In all three of the above areas, the power systems engineer must be ready to design, adapt, and integrate some of the most advanced technologies on the planet with a mix of electrical systems from various eras over the past century. This is particularly true in the utilities sector, but also in other vertical categories – like the defense and intelligence communities, the financial sector, and transportation. Objective analysis would show that the need for cutting-edge power systems is so great that most power systems engineers with proven proficiency in advanced technologies can have a very strong career.

Why is power systems engineering important?

Today, power systems engineering is vital to advancing the aerospace industry, particularly with the many Size, Weight, and Power (SWaP) enhancements that it makes possible to improve aircraft and spacecraft performance. As mechanical controls and instruments have been replaced by computerized systems with advanced control algorithms, flight crews today have better control of their aircraft, flight fatigue has decreased significantly, less fuel is required, and aircraft agility has increased.

As aviation has become more electrified, the use of high-powered silicon-based technologies plays an increasing role in the operations of both military and commercial aircraft. The sensitivity of these electronic components, and the critical roles they play in flight safety, means that without properly developed power distribution systems, these components may not be functioning properly and may even be exposed to power fluctuations that could cause the failure of the entire aircraft.

In spacecraft applications, electric power system elements involve power inputs from solar arrays, power dispersion to individual spacecraft components, and system control circuitry that enables an effective transmission system and storage of the power. Although the use of power systems on spacecraft has evolved greatly over the years, this evolution has resulted in a larger gap between traditional power electronics engineering and how power is generated, stored, and distributed aboard spacecraft. As space agencies and private space exploration companies continue to push out further and further, the need for more advanced power technologies will require a new breed of power engineers.

Despite the challenges inherent in any quickly-changing technological field, current environmental and geopolitical trends make it critical for leaders in the aerospace category today to challenge a new generation of power system engineers to make the commitments necessary to lead the way tomorrow. Those who accept that challenge will find a gratifying path forward.

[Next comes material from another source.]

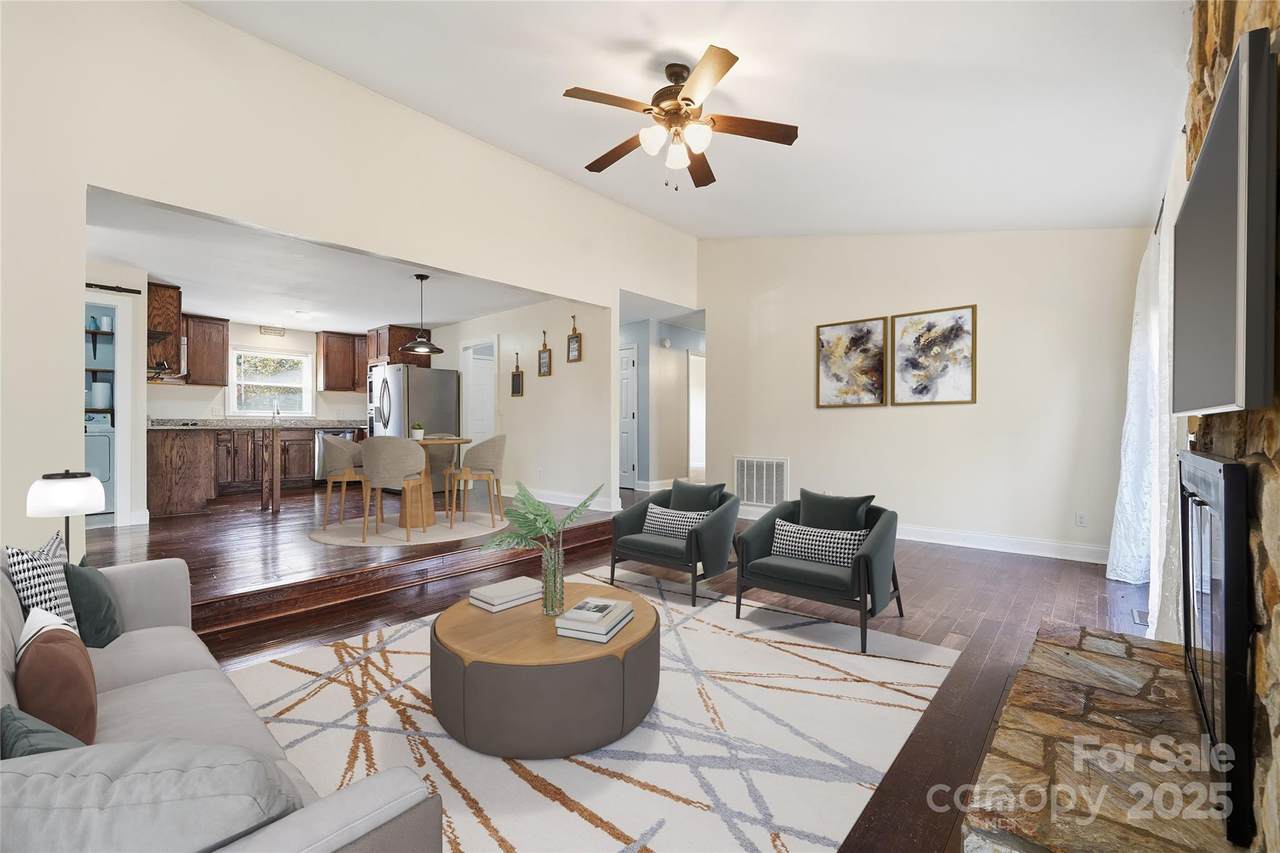 501 Vista Grande Circle - Photo 1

When was power systems engineering invented?

The historical answer is that power systems engineering became its own field when British physicist Michael Faraday (September 22, 1791 – August 25, 1867) turned his research in electrochemistry and electromagnetism into what would become the core principles behind all electromagnetic technology inventions, starting in the 1820s. His invention of the first rudimentary electric motors two centuries ago was a result of his experiments developing devices that caused what he called “electromagnetic rotations” by combining an electrochemical battery current with a magnetic force. His first generator came to fruition in 1831. By discovering how to reliably and safely turn other energy sources into electricity, and identifying many of the fundamental theories that drive the behaviors and properties of electrification, Faraday effectively created power engineering.

In 1882, New York City became home to the first commercial central power station – Pearl Street Station in Manhattan’s financial district – which began by generating electricity specifically to power public lighting nearby. It was an immediate hit, both in New York and soon after in other cities around the globe, and electricity’s integration into the everyday lives, homes, and businesses of average people grew exponentially throughout the 20th century. It took several decades of expansion and systems upgrades to make access to electricity fairly ubiquitous nationwide in the U.S. and most modern industrialized countries, and this tremendous growth was only possible with commensurate growth in the power engineering field worldwide, including the number of power systems engineers.

Applying power engineering principles and inventions to transportation began with the first electric locomotive being built in 1837. The first marine vessel generating electricity was the S.S. Columbia, introduced in 1880. It used electricity for lighting only. Three years later, in 1883, the first aircraft propelled by an electric motor – a dirigible – was introduced in France by brothers Albert and Gaston Tissander. According to the U.S. Department of Energy, the first electric car was introduced in 1890 by William Morrison of Des Moines, Iowa. The electrification of power systems and key devices in all modes of transportation has grown steadily since the end of World War 2, but today’s combination of technological capabilities and new environmental standards has driven the need and opportunities for truly game-changing innovations to an all-time high.

Power systems engineering has been with us for many decades, and has made significant strides since its beginnings. Best of all, the need for further power systems innovation and incorporation of new advanced electronics is expected to remain high for the foreseeable time across multiple business and government sectors, from the defense community, power utilities, and commercial business facilities to aircraft innovators, automobile manufacturers, shipping logistics firms, and more.